Langley in History: Week of Nov. 19

Eighty Years Ago

November 14, 1935

Magistrate D.W. Poppy dismissed an action by the school board against Mr. and Mrs. Clive Rogers for failing to send their children to school, on the grounds that the parents were not neglecting their children’s education.

Increase of $22,000 in relief costs threatened to create a serious overdraft in hitherto debt-free Langley municipality. Reeve (mayor) Noel Booth reported that there were 285 heads of families with 605 dependent on relief, compared with 165 heads and 350 dependents the year before.

Seventy Years Ago

November 15, 1945

The town planning commission suggested to MP Tom Reid and to council that the local airfield be donated to the municipality for the development of a civic centre. Federal authorities had condemned the strip for flying purposes.

The provincial government offered to pay 20 per cent of the cost of a hospital, if Langley raised 40 per cent by referendum and the Citizens’ Hospitalization Committee raised the final 40 per cent.

Council decided to forego December money bylaws for roads, schools, hospital, and postwar construction.

Sixty Years Ago

November 17, 1955

Final draft of a $784,000 school building referendum was prepared by the school board for the December elections.

The official weather bureau station on C. Bodaly’s farm on Allard Cres. reached a low of 0ºF (-18ºC) before rising temperatures reversed the cold snap that had settled in four days earlier.

Coun.
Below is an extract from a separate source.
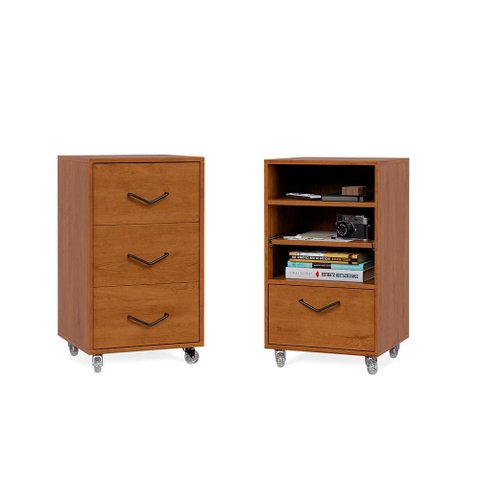 Conjunto Mini Organizador e Gaveteiro Steel Freijó – EJ Móveis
D.W. Poppy announced he would resign his council seat to run for the reeveship being vacated by George Brooks.

School inspector H.D. Stafford told the school board his job was purely advisory, adding, “What you do about the advice I give you is your business.” Tr. Norman Armstrong had voiced concern that the board was losing autonomy.

Fifty Years Ago

November 18, 1965

With the year’s end approaching, Langley City expected a $6,225 surplus, instead of the $5,969 that had been forecast at the start of the year.

Fred Dams was named president of the Aldergrove Chamber of Commerce.

Qualification for an invitation to sit at the table of honour at the annual Douglas Day banquet was lowered by three years. People living in Langley since 1892 were to receive the honour this time.

Forty Years Ago

November 13, 1975

Premier Dave Barrett appeared at Langley Civic Centre to help local NDP candidate Joe Chesney’s campaign for the Dec. 11 provincial election. It was Barrett’s first personal appearance following his snap election call.

Up against Chesney was incumbent Social Credit MLA Bob McClelland, who claimed that Barrett’s sudden, unexpected election call effectively disenfranchised thousands of B.C. voters because of their inability to register on short notice.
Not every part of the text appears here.